En los años veinte Ortega y Gasset señaló en su libro El ocaso de las revoluciones que la lucha ideológica se realiza fundamentalmente en el plano conceptual y lingüístico, algo que aunque Marx no dijo en ningún lado los marxistas han aprendido muy bien. Aquí en Venezuela hemos tenido, en ese sentido, todo un curso de posgrado. Todavía recuerdo, por ejemplo, cuando trataba de hacerle ver al conserje de mi edificio que “escuálido” no era un ciudadano de la oposición, como había impuesto esa manifestación bárbara de inspiración marxista que llamamos chavismo, sino una cualidad de las cosas raquíticas y poco desarrolladas.

Ya lo decía Wittgenstein en esa frase que se repite tanto de que los límites de nuestro lenguaje son los límites de nuestro mundo. Es decir, el lenguaje no es de ninguna manera inocente y en la lucha ideológica, sobre todo, tiene una carga de intencionalidad que termina determinando nuestra relación con las cosas; esto es, colocándole términos y límites.

Una manzana o un caballo, por ejemplo, serán aquellas cosas que participen de las cualidades que le hemos otorgado a los conceptos de manzana y caballo. Así, si desaparecen esos conceptos, desaparece a su vez lo que sabemos de ambas entidades, como decía Linneo. En tal sentido y en política, podemos decir entonces que  de los conceptos y el relato que usemos dependerá que veamos los hechos de una forma u otra. Por ello es que estamos también asistiendo en países muy cercanos a nosotros, como  México y España, a una colocación rabiosa de etiquetas políticas. Por una parte, términos como “mafia del poder”, “Prian”, “pirruris” o“fifís” le han permitido a López Obrador identificarse con la mayoría del electorado mexicano, polarizar el espectro político y, finalmente, ganar las elecciones, como hizo el difunto teniente coronel en nuestro país; si uno apelaba al independentismo y el ancestral bolivianismo del pueblo venezolano para sustentar su relato, este otro lo ha hecho echando mano a la nostalgia mexicana por un pasado juarista y revolucionario, con un éxito arrollador. Por otra parte, y ya en España, está sucediendo lo propio a raíz de la irrupción de Vox en el plano político.

Como decía en mi artículo anterior, el descontento que se viene manifestando en el país europeo desde hace unos cuantos años parece haber conseguido un cauce definitivo en ese partido. Esto ha provocado que las organizaciones que se autodenominan de izquierda hayan salido inmediatamente a buscar el calificativo que le haga más daño. Conocedores de la identificación del franquismo con el fascismo italiano y el nazismo, han apelado a las heridas que dejó la Guerra Civil para tildar a este partido liberal    ̶que se vale a su vez de términos como el de “reconquista de España”– de “facha”, “extrema derecha” o “ultraderecha”.

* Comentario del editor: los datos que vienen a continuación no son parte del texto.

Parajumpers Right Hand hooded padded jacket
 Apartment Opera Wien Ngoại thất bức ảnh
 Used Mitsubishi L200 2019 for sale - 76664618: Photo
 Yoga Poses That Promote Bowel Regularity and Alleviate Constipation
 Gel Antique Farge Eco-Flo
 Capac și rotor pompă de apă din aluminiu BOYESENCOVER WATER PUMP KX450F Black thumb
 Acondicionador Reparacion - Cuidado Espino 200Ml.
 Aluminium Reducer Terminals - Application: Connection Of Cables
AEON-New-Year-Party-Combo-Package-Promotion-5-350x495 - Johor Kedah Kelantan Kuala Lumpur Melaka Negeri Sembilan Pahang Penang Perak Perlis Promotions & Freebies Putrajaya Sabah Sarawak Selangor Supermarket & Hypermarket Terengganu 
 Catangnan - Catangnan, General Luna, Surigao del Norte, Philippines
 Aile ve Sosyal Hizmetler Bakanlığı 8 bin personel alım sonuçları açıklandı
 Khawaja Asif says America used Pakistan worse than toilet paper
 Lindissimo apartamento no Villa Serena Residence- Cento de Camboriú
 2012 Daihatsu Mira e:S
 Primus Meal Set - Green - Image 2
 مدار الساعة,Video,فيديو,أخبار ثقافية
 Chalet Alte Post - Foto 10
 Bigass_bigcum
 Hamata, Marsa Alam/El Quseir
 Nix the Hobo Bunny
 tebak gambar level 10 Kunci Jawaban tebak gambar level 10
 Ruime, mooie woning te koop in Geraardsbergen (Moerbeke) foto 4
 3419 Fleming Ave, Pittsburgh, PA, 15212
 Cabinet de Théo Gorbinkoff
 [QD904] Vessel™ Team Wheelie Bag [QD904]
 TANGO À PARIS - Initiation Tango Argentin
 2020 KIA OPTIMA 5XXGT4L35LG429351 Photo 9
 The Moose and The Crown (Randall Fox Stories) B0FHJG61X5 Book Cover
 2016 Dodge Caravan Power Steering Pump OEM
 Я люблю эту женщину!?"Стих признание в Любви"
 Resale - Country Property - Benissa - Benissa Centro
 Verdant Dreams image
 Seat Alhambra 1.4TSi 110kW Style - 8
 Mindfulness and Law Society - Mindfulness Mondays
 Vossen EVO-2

Aunque no les ha salido muy bien en un primer momento, como lo demuestran las elecciones andaluzas, los dirigentes de  Podemos –líderes de esta especie de estratagema nominalista– aspiran, sin embargo, a que el apelativo termine calando en la sociedad española, aprovechando para ello la tendencia por la cual los medios de comunicación y las universidades han estado hasta hoy dominados por la izquierda. Y es que en casi todos lados la intelectualidad ha comprado el tópico izquierdista no solo de que las revoluciones son beneficiosas para la sociedad y que todo el que se opone a ellas es un enemigo por vencer, sino que las únicas revoluciones realmente bienhechoras son las marxistas, y que las que han fracasado (todas las de izquierda, por cierto) no son verdaderas revoluciones. Cuando a decir verdad las únicas triunfadoras y que han permanecido en el tiempo son la francesa y la americana.